I'm going to be participating in SLDN's "Stories from the Frontlines" campaign to encourage (I'd prefer to say "force") President Obama to live up to his promise, in the 2010 State of the Union address, that he would end "Don't Ask, Don't Tell" this year. I won't go into the whole sordid history of that promise and the backpedaling the Obama administration has since done on it. Suffice it to say that he made the promise, and he told us himself on the night he was elected that it was up to us to hold his feet to the fire and make him do what he promised. Consider this ongoing effort part of that process.
"Stories from the Frontlines: Letters to President Barack Obama" is a new media campaign launched to underscore the urgent need for congressional action and presidential leadership at this critical point in the fight to repeal "Don’t Ask, Don’t Tell" (DADT). Every weekday morning as we approach the markup of the Defense Authorization bill in the Senate and House Armed Services Committees, SLDN and a coalition of voices supporting repeal, will share an open letter to the President from a person impacted by this discriminatory law. We are urging the President to include repeal in the Administration’s defense budget recommendations, but also to voice his support as we work to muster the 15 critical votes needed on the Senate Armed Services Committee to include repeal. The Defense Authorization bill represents the best legislative vehicle to bring repeal to the president’s desk. It also was the same vehicle used to pass DADT in 1993. By working together, we can help build momentum to get the votes! We ask that you forward and post these personal stories.
May 5, 2010
President Barack H. Obama
The White House
1600 Pennsylvania Avenue Northwest
Washington, DC 20500
Dear Mr. President,
I may be stating perhaps an obvious truism: Love is confusing. As a friend and, later in life, a chaplain, I have counseled many as they tried to navigate the toughest of love‘s questions: Is this the person I should marry? Is this infatuation or love, and how can I know the difference? Should I take the relationship to the next level?
The first time I fell in love, it was just as confusing. I knew I was in love, but with a woman. It was a severe test for me. I had never been in a same-sex relationship and didn't see myself as gay. Yet the fact remained — I was in love.
Adding to the confusion, and the fear of the whole experience (love can be scary enough on its own!), was the fact that I had just graduated from West Point and was serving as a Second Lieutenant (2LT) at Schofield Barracks.
I had gone to West Point, to a large degree, because of the code of honor. Integrity has always been, of all the values, the one I hold most dear. My mother had graduated from UCLA and I remember clearly the day she told me how disappointed she was when she saw some of her students buying and selling papers they had written.

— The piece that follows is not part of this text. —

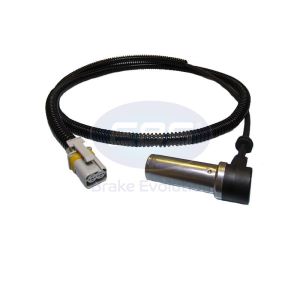 ABS SENSOR - ANGLED - 1.1M - BLACK PLUG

At that moment I thought: Nope, that is not going to happen to me. I am going to a school that matches my desire and need for honesty and integrity.
So there I was – in love with a woman – and a brand new 2LT on a small island in the middle of the Pacific Ocean.
The easiest thing for me to do -- and the course of action I tried -- was to encourage myself to run from love. I also considered confiding in others, but given the horror stories of investigations and removals from duty, I decided against it. The thought of the shame of being interrogated and kicked out of the Service for something I wasn't even sure I was (a lesbian!), was too much to bear.
In the short three years that I was on active duty, I was Airborne and Air Assault (first female Distinguished Honor Graduate). During the First Gulf War, I volunteered to go to Iraq. Due to the needs of the Army, however, I remained in the Pacific – working in the 25th Infantry Division.
The values of physical work, integrity, service and team building made the Army an almost ideal place for me. I may have continued serving if I had felt more a part of the team.
I was well-liked and had friends, but not being able to share the biggest struggle in my life (and the biggest joy) with my peers and military friends prevented me from really forming the kind of friendships that one needs to feel as an integral part of a team.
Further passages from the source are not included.